| What the exercise asks |
Please write out all the entries exactly, without the pictures.

| Listed records |
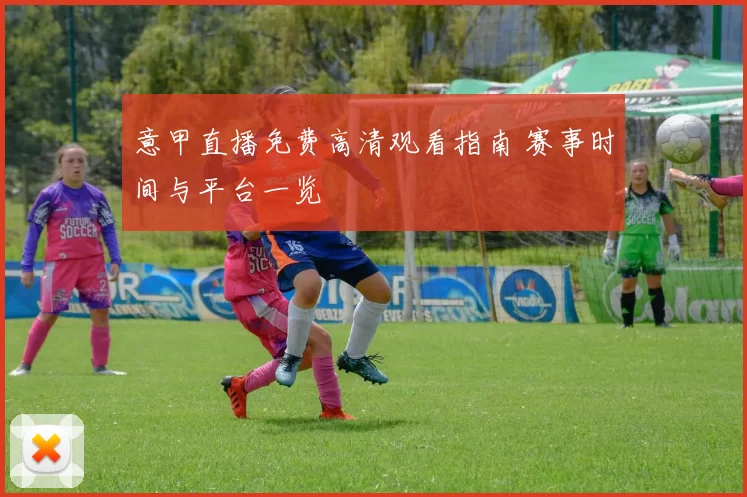 意甲直播免费高清观看指南 赛事时间与平台一览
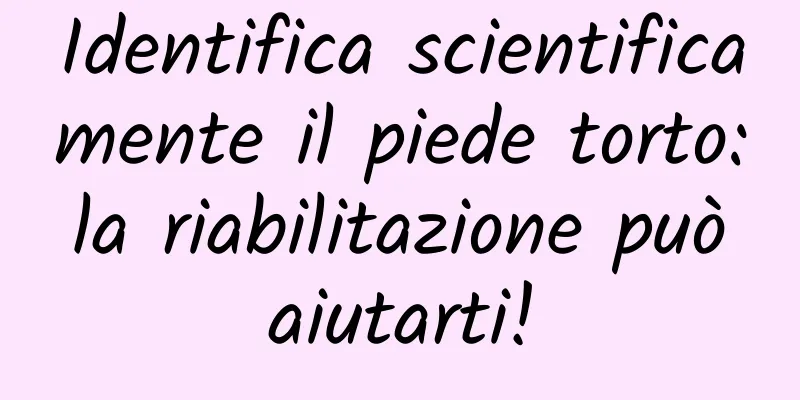 Identifica scientificamente il piede torto: la riabilitazione può aiutarti!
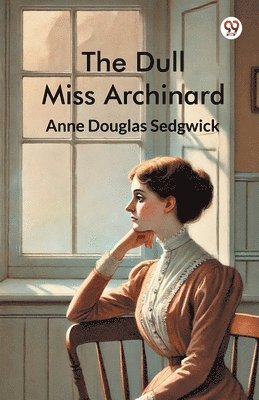 bokomslag Dull Miss Archinard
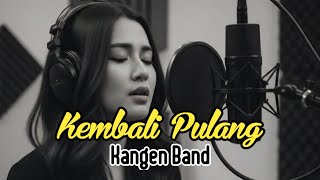 Download lagu KEMBALI PULANG - KANGEN BAND | COVER AI VERSI CEWEK BY MUSIKOPI mp3 Download lagu KEMBALI PULANG - KANGEN BAND | COVER AI VERSI CEWEK BY MUSIKOPI mp3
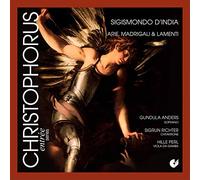 Gundula Anders (Sopran) - D'India: Arias, Madrigales Y Lamentos / Anders, Richter, Perl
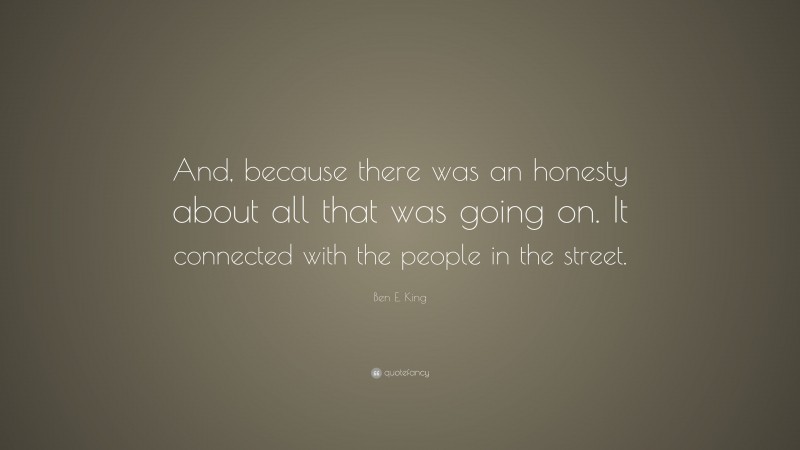 Ben E. King Quote: “And, because there was an honesty about all that was going on. It connected with the people in the street.”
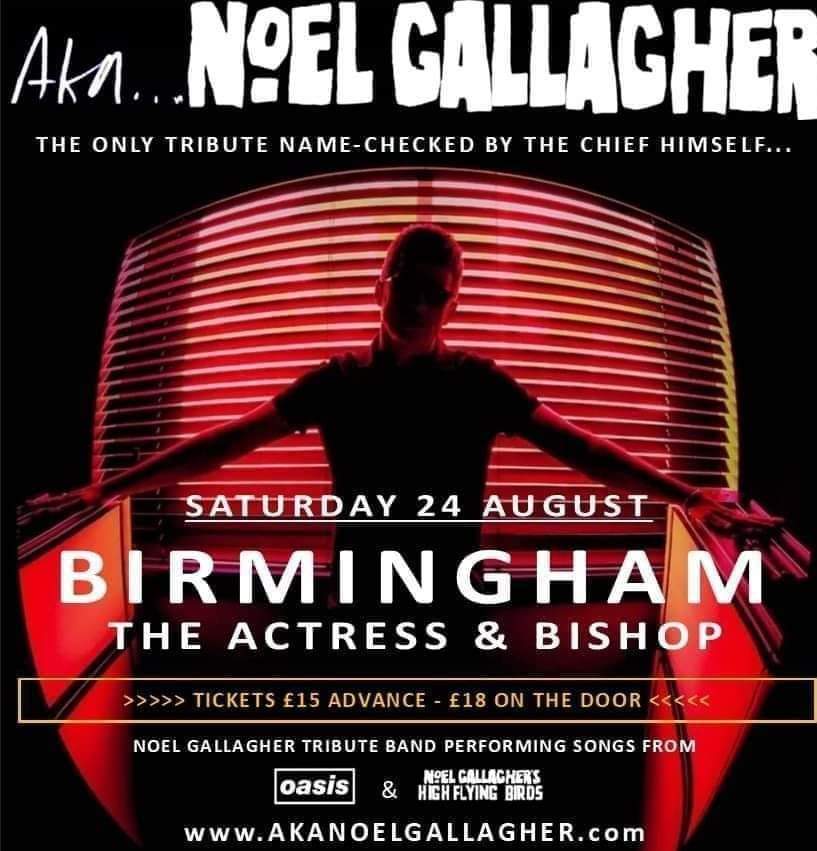BIRMINGHAM

📍 The Actress &amp; Bishop 
📆 Sat 24th Aug
⏲️ Doors: 7:30pm
🎟️ seetickets.com/event/aka-noel…

6 months until our full band debut in Birmingham, playing 2hrs of Noel's songs, both Oasis &amp; HFB 👍😎

#AKANoelGallagher #TheActressAndBishop #Birmingham #NoelGallagher #Oasis #NGHFB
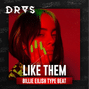 DRAS - Like Them (Billie Eilish x Timbaland Type Beat)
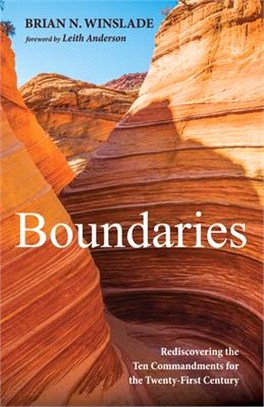 Boundaries ― Rediscovering the Ten Commandments for the Twenty-first Century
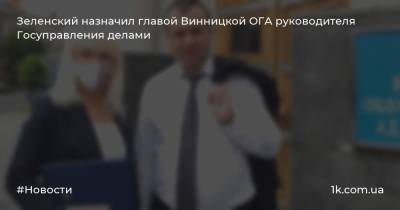 Зеленский назначил главой Винницкой ОГА руководителя Госуправления делами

| Problem solution |
 意甲直播免费高清观看指南 赛事时间与平台一览
 Identifica scientificamente il piede torto: la riabilitazione può aiutarti!
 bokomslag Dull Miss Archinard
 Download lagu KEMBALI PULANG - KANGEN BAND | COVER AI VERSI CEWEK BY MUSIKOPI mp3 Download lagu KEMBALI PULANG - KANGEN BAND | COVER AI VERSI CEWEK BY MUSIKOPI mp3
 Gundula Anders (Sopran) - D'India: Arias, Madrigales Y Lamentos / Anders, Richter, Perl
 Ben E. King Quote: “And, because there was an honesty about all that was going on. It connected with the people in the street.”
BIRMINGHAM

📍 The Actress &amp; Bishop 
📆 Sat 24th Aug
⏲️ Doors: 7:30pm
🎟️ seetickets.com/event/aka-noel…

6 months until our full band debut in Birmingham, playing 2hrs of Noel's songs, both Oasis &amp; HFB 👍😎

#AKANoelGallagher #TheActressAndBishop #Birmingham #NoelGallagher #Oasis #NGHFB
 DRAS - Like Them (Billie Eilish x Timbaland Type Beat)
 Boundaries ― Rediscovering the Ten Commandments for the Twenty-first Century
 Зеленский назначил главой Винницкой ОГА руководителя Госуправления делами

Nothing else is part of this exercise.